Haiti's ambassador to the US issued an appeal for help in Washington on Tuesday after his homeland was rocked by a magnitude-7.0 earthquake.
Raymond Joseph said in an interview with CNN that an official he contacted in Port-au-Prince described "a catastrophe of major proportions" in the impoverished Caribbean nation.
"The only thing I can do now is pray and hope for the best," the envoy told CNN.
Shortly after Joseph's comments, President Barack Obama said the US was prepared to provide disaster assistance to Haiti, the poorest nation in the Western Hemisphere.

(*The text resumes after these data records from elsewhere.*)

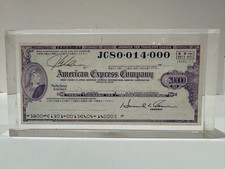 Vintage American Express Japanese 20,000 Yen Travelers Check Acrylic Paperweight picture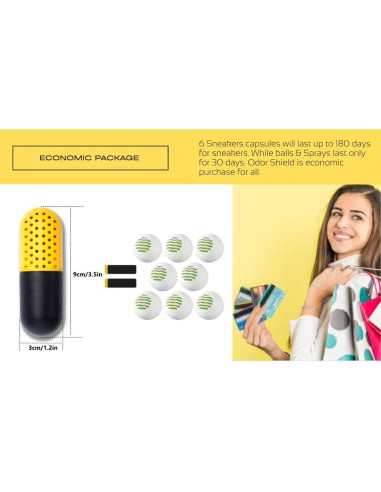 6 Pastillas Desodorantes para Zapatos Odor Shield - Absorbentes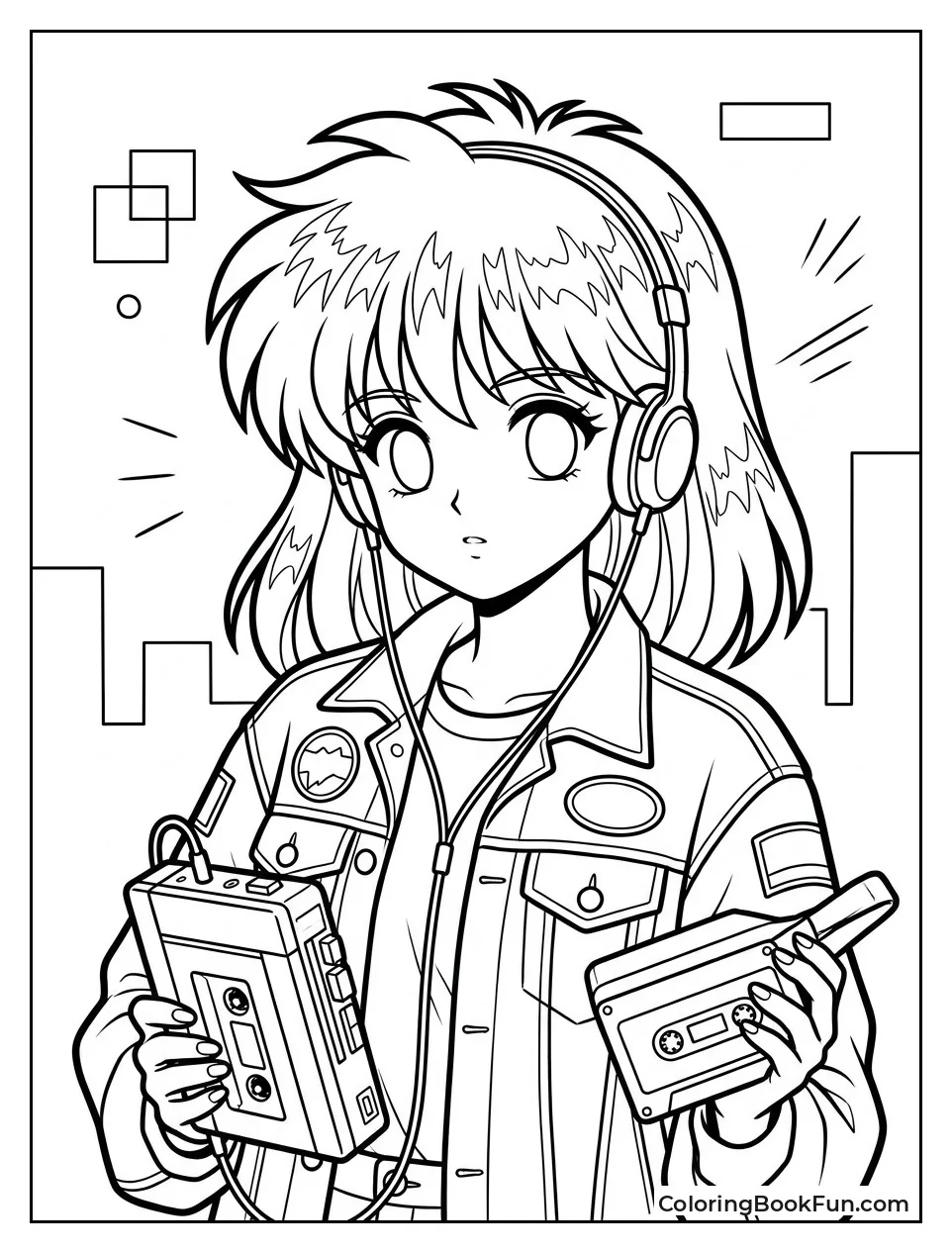 Retro Girl Holding Cassette Player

"We are closely monitoring the situation and we stand ready to assist the people of Haiti," the president said in a statement.
The temblor struck at 4.53 pm and its epicentre was about 15 km southwest of the Haitian capital. The initial event was followed by three aftershocks, including a magnitude-5.9 earthquake.
A tsunami warning issued for the coasts of Haiti, the neighbouring Dominican Republic and nearby Cuba and the Bahamas was lifted about two hours after the quake.
The earthquake knocked out both fixed-line and mobile telephone service in Port-au-Prince, a US State Department spokesman told EFE, while a Dominican government press officer said reports had reached Santo Domingo of "great damage" in the neighbouring country.
"The information we have point to a difficult situation in Haiti, so we ask that Latin America and the whole world come to the aid of our neighbour, as we are also ready to do," Rafael Nuñez told Dominican television.
Venezuela's foreign minister, Nicolas Maduro, announced that President Hugo Chavez had ordered the immediate dispatch to Haiti of relief supplies and search and recovery teams.